#### Instructions to follow:
The data below holds a line containing "Polar Bear Grandpa Christmas Card" and a line containing "Donna D'Arienzo G154"; please quote exactly those two lines and every line between them, and nothing else.

#### Data:
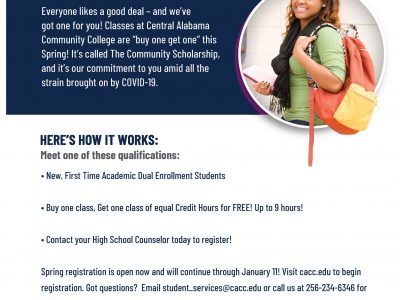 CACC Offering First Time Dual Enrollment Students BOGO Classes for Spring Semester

---

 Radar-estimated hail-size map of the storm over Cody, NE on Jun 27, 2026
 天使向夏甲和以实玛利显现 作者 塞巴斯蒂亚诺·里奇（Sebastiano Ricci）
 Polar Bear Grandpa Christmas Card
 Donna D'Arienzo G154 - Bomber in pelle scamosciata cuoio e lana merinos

#### Written reply:
 Polar Bear Grandpa Christmas Card
 Donna D'Arienzo G154 - Bomber in pelle scamosciata cuoio e lana merinos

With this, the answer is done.